Sunday we had a windy day. Unfortunately the wind was on the nose, no matter which direction we were headed. We had the current, but the wind seemed to be slowing us down big time. The wind slowly eased as the day went by and by the evening the wind had died.
Both Sal and I agree that the Hudson River is one of the most scenic places along our trip. There are Mountain ranges on both sides with rich green vegetation and only a few houses scattered around. We’re continually looking around and snapping pictures. We had a very quiet anchorage that night and slept like babies.
On Monday we had to wait until about noon before we left in order to have the current in our favour. With the current we can get to about 6 knots but against it, we make only about 3 ½ knots. It was so quiet on the river compared to the weekend. We saw more birds, deer and other wildlife than we saw boats. Another very scenic day as we moved further up the Hudson.
(5:30 am departure)
Tuesday we left early in the morning and made it to Albany before 9am. We tied up at the free dock and tried to remember how to take the mast down. It has been a while since we’ve done it so our memory was a little foggy. Part of the process involved getting the fenderboard (a long 2x8 piece of wood) out of the bilge, which we would use to protect the boat when going through the locks. We somehow managed to get it in last fall, but were now having a bit of difficulty trying to get it back out. We ended up having a little squabble as we tried to figure it out only to find that a man was listening to us on the dock. We were embarrassed to be caught in the act of a little dispute, but he just wanted to chat with us as he used to sail in his younger years. After our brief break we got back to work and managed to get everything down and secured without any disasters. Once we finished taking the masts down we had lunch and walked around downtown Albany before heading off. Our first lock was at Troy, which would take us to our intended destination of Waterford. We had to shake the cobwebs off as we tried to remember how to lock, but it all came back quite quickly and we were in and out in no time.
Waterford has a free dock before you enter the locks in the Erie Canal. The dock was full with boats so we tied up along the concrete wall a couple hundred meters away. We managed to snag a spot with a latter to help us get up and down. We then showered and enjoyed a couple cold ones in a local bar. It feels like we’re almost home now.
My dad came to meet us on Wednesday. It was great to see him and we all took a trip up to Cape Cod to have a look at a project boat for sale. It was a gorgeous drive through the mountains, and we got to see a bit of the countryside of Massachusetts but unfortunately it rained all day long.
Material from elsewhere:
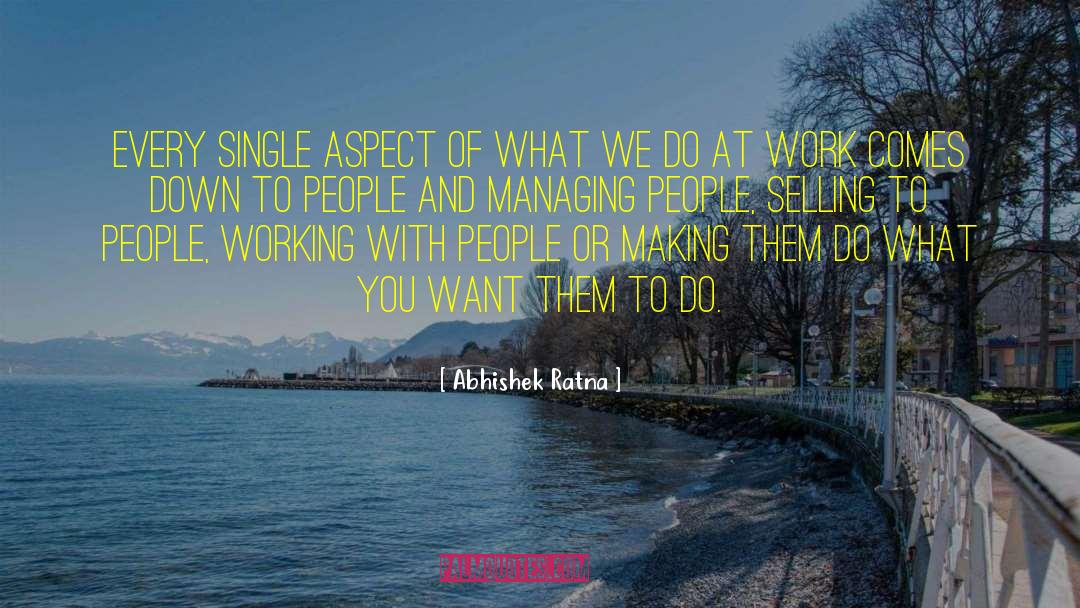Working With People quotes by Abhishek Ratna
Thursday we are going to head out and start the next phase of the journey home. We have about 30 or so locks and about 180 miles before we reach Lake Ontario.
Wednesday, June 15, 2011
Along the New Jersey Coast
(Ventnor City along the NJICW)
We were apprehensive to put it mildly. Travelling along the New Jersey coast on the weekend was something we weren’t looking forward to. We had visions of power boaters zooming by from dawn to dusk. To our surprise we found the Jersey shore to be a neat stretch of water and it was actually very peaceful. We had planned to leave early Saturday morning but were delayed an hour because of fog. We left at around 7:30 and found the narrow and shallow channel back onto the waterway. It was a cloudy, cool day with rain on and off, which perhaps was the reason for a relatively quite trip. We did encounter lots and lots of small fishing boats with families out trying their luck at a catch. Sometimes we had to swerve around them as they drifted along with the current in the channel. A few waved, but most were focused on the task at hand. The coast of New Jersey is heavily populated, but between the coast and the mainland are miles of lush green marshland with numerous types of wading birds.
At one point in the day, when we were away from land, the fog was so thick we weren’t able to see 20 feet ahead of us. It was disorientating and without the GPS we would have never been able to find our next marker. Sal had his eyes fixed on the GPS and depth sounder and I was scanning around for the marker posts. As soon as we got closer to land again, the fog lifted and we were able to see. The channel is very narrow and sometimes very shallow in spots. We went aground once over confusion about a marker at the entrance to an inlet. We didn’t know if we were supposed to take that red on our right or left. We chose wrong but backed off no problem. After that we didn’t touch bottom, though the depth sounder had many reading in the 4-5 feet range.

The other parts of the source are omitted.